婺州刺史と睦州の乱
- 貝州武城の人。隋末に李密を頼るが用いられず、河内の黄君漢を説いて帰順させ、司馬として王世充の将高毘を撃退した。功により清丘県公に封ぜられた。
- 太宗の王世充討伐に謀を用い、東都平定後は隰州都督府長史、貞觀初に左司郎中・韓王府長史を歴任。
- 永徽中、婺州刺史として陳碩真の反乱(自ら「文佳皇帝」を称した睦州の女性による乱)を鎮圧。星の兆しを用いて士気を鼓舞し、盾で身を守ろうとする部下を戒める逸話とともに、数百級を斬り万余を降した。
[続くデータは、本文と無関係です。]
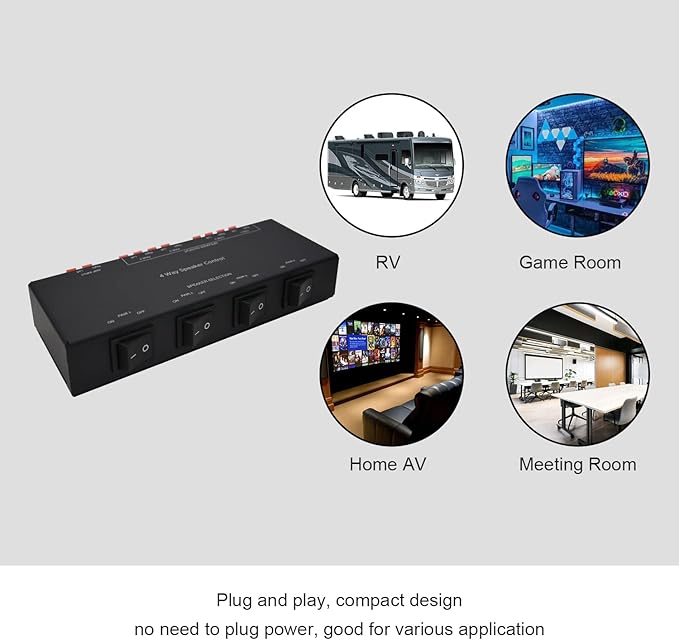 SENWIKATIN 4 Zone Speaker Selector, Passive 200W Distribution Box Control 4 - Image 4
- 経学(章句学)に通じ、高宗の詔で博士と『五経』の義を討論した。武氏立后に賛同し長孫無忌らの誅殺にも関与、蒲州刺史・71歳で没し幽州都督・諡貞を贈られた。武后臨朝後は揚州大都督・実封二百戸を追贈された。
子 神基
- 子の神基は司賓卿・同鳳閣鸞台平章事となるが酷吏に構陥され嶺南に流された。中宗初に大理卿に復した。
神基弟 神慶
- 弟の神慶は萊州刺史から并州長史に抜擢され、旧来東西二城に分かれていた州城を水路をまたいで一体化し防御兵を大幅に削減した。子神基の獄で申理して減死させたが、これに連座し歙州司馬に左遷された。
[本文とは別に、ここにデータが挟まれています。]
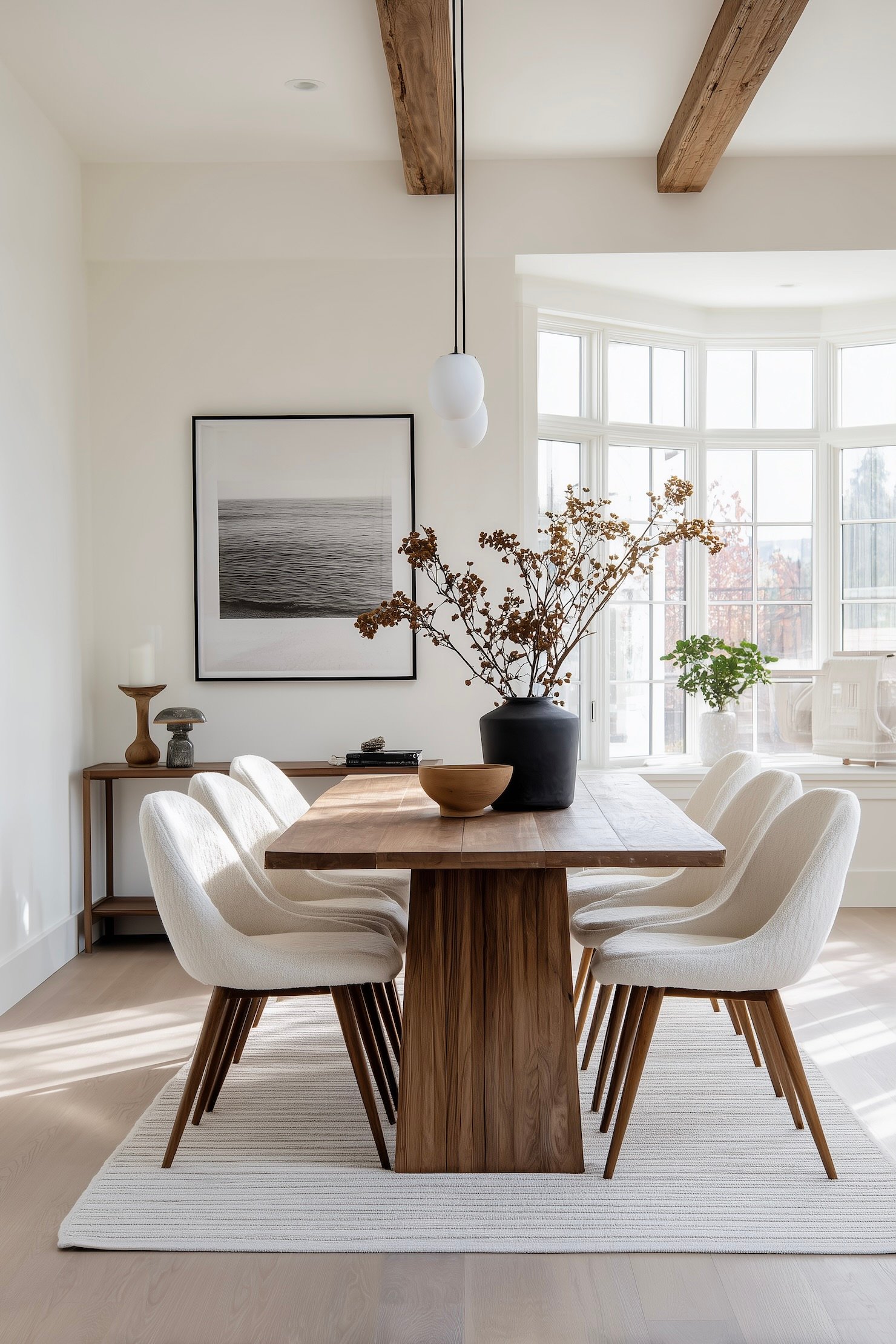 déco bois blanche salle à manger chic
- 太子右庶子として突厥使者入朝の際の東宮召喚の慎重さを諫言し、司刑卿として張昌宗の獄を扱ったが不徹底として神龍中に欽州に流され没した。後に幽州都督を追贈された。
神慶子 琳
- 神慶の子琳は中書舎人として高仲舒と並び宋璟に重用され、太子少保に至り天寶二(743年)年没した。子の儼は諫議大夫。一族は「三戟崔家」と称される盛家で、玄宗が宰相候補として名を秘して太子に問うた逸話が伝わる(太子は崔琳・盧従願を言い当てた)。